Start of Block

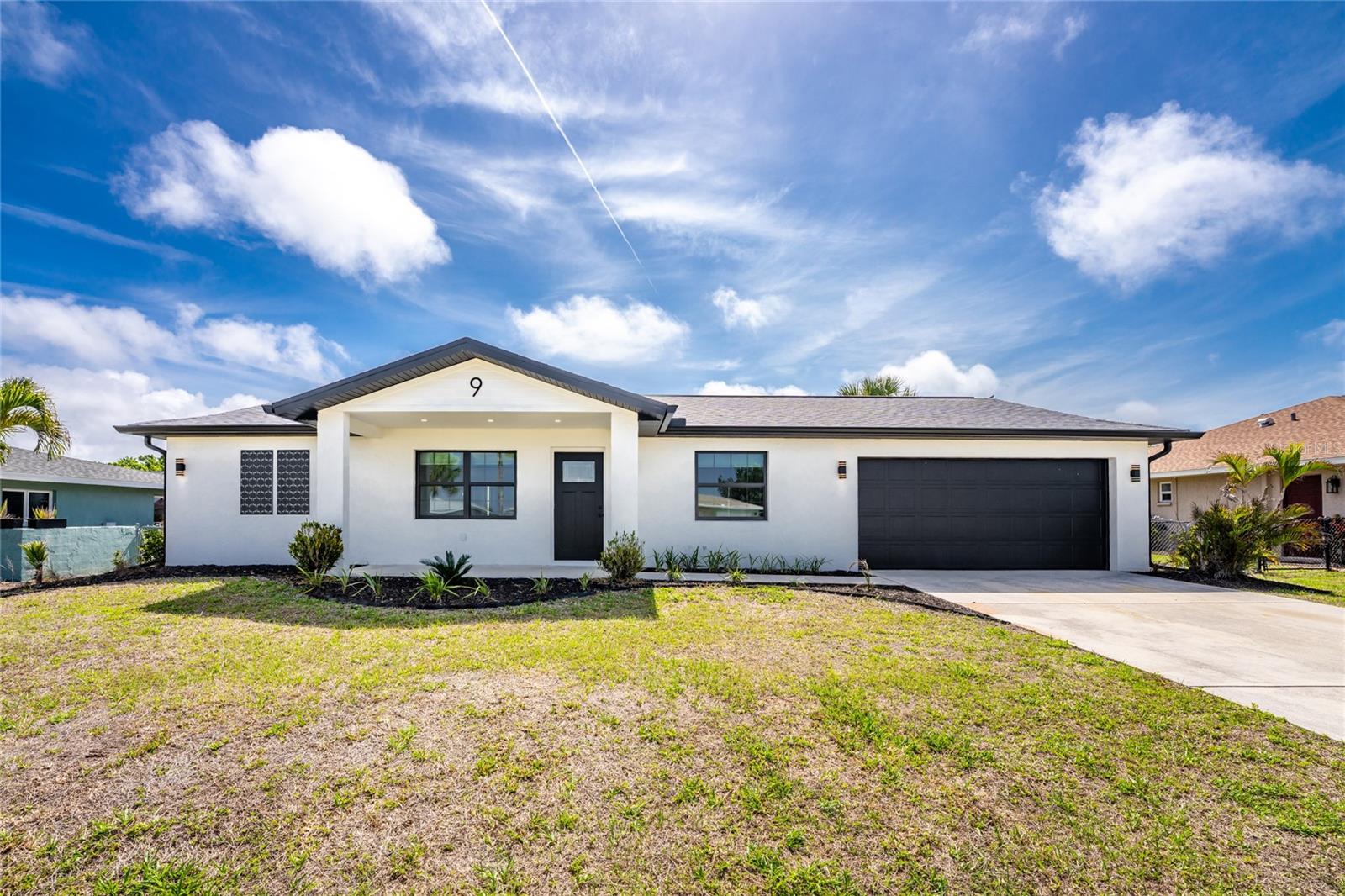 9 OAKLAND HILLS CT, ROTONDA WEST, FL, 33947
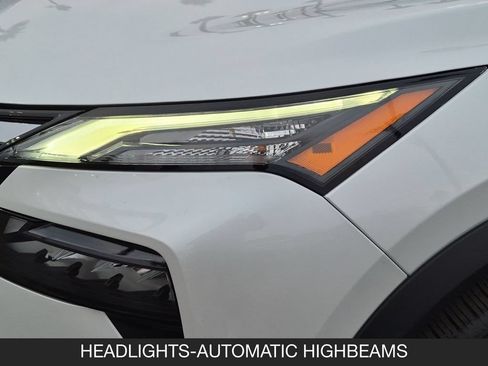 Certified 2026 Nissan Rogue SV FWD image 9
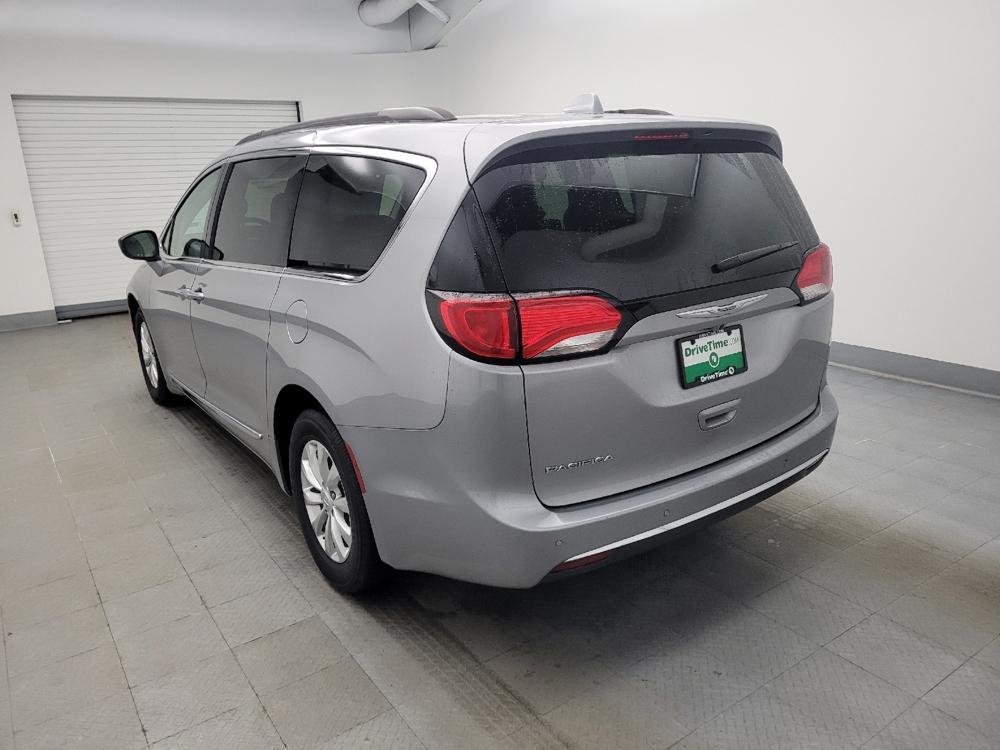 used 2017 Chrysler Pacifica car, priced at $14,595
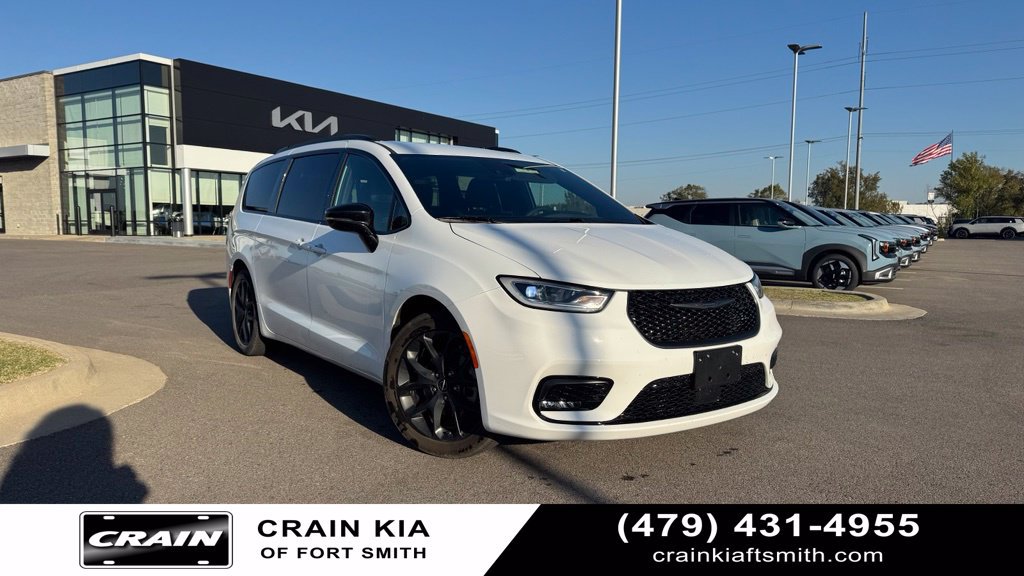Used 2024 Chrysler Pacifica Touring-L w/ S Appearance Package FWD image 1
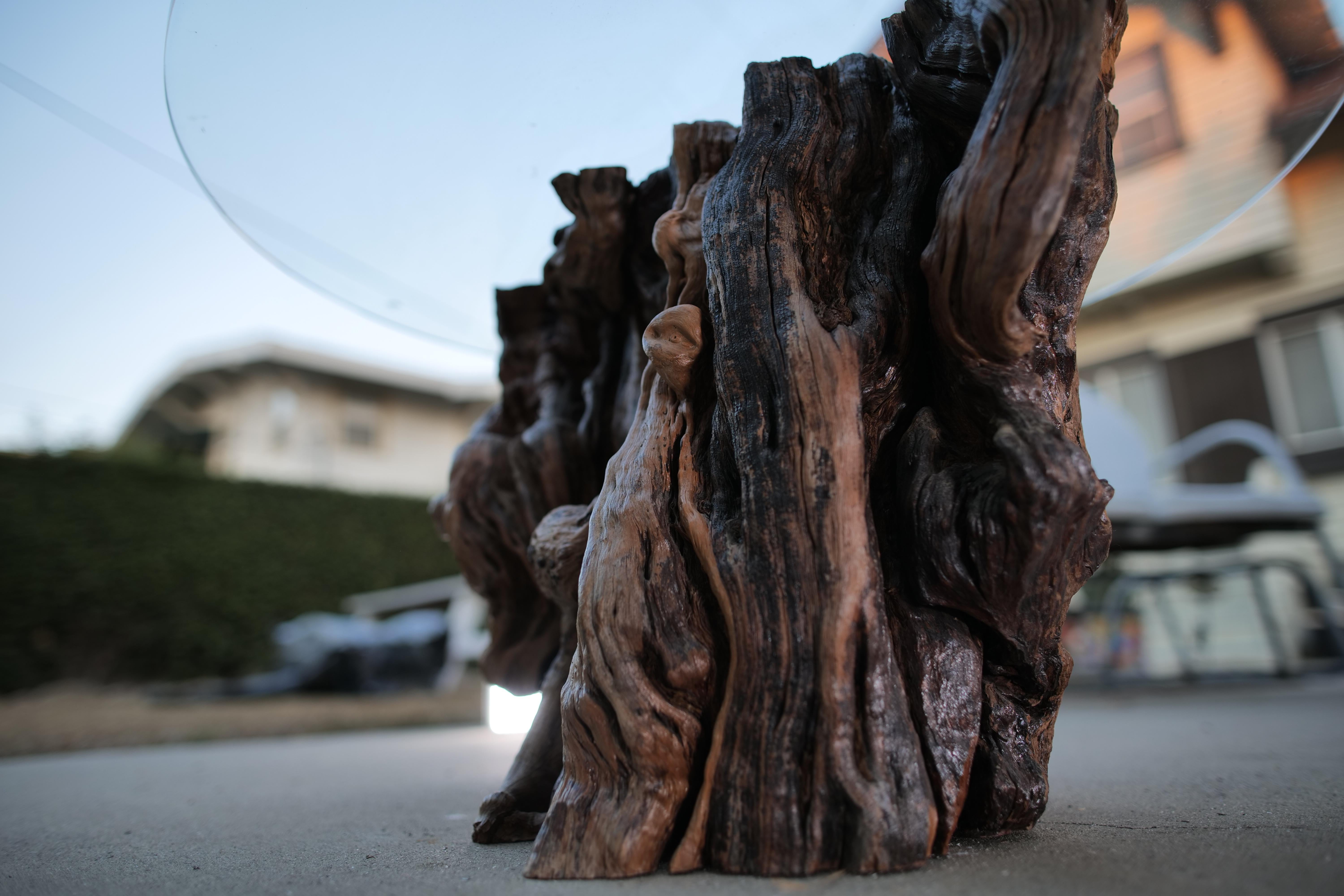 Mesa auxiliar artesanal de madera de deriva de California con tapa de cristal templado en venta 6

End of Block

# What you will do:
An exact reproduction of the material above is needed, without its pictures.

# Written response:
 9 OAKLAND HILLS CT, ROTONDA WEST, FL, 33947
 Certified 2026 Nissan Rogue SV FWD image 9
 used 2017 Chrysler Pacifica car, priced at $14,595
Used 2024 Chrysler Pacifica Touring-L w/ S Appearance Package FWD image 1
 Mesa auxiliar artesanal de madera de deriva de California con tapa de cristal templado en venta 6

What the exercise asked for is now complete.